INSTRUCTIONS FOR THE TASK -> Return the run of lines below that opens with the line containing "ENILSA Custodia rigida" and closes with the line containing "Louise Misha - Carla", keeping each one exact.

*** AVAILABLE DATA ***

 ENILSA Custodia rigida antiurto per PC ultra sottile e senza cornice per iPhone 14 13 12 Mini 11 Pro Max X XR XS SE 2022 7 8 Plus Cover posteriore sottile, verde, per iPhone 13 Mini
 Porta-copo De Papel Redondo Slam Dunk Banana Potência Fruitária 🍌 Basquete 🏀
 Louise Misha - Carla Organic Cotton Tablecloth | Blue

***
*** AVAILABLE DATA ***

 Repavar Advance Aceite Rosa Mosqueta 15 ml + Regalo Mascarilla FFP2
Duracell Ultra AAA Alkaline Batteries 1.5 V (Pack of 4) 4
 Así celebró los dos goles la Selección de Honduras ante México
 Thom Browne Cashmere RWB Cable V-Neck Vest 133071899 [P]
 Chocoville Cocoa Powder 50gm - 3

***

SOLUTION TO THE PROBLEM ->
 ENILSA Custodia rigida antiurto per PC ultra sottile e senza cornice per iPhone 14 13 12 Mini 11 Pro Max X XR XS SE 2022 7 8 Plus Cover posteriore sottile, verde, per iPhone 13 Mini
 Porta-copo De Papel Redondo Slam Dunk Banana Potência Fruitária 🍌 Basquete 🏀
 Louise Misha - Carla Organic Cotton Tablecloth | Blue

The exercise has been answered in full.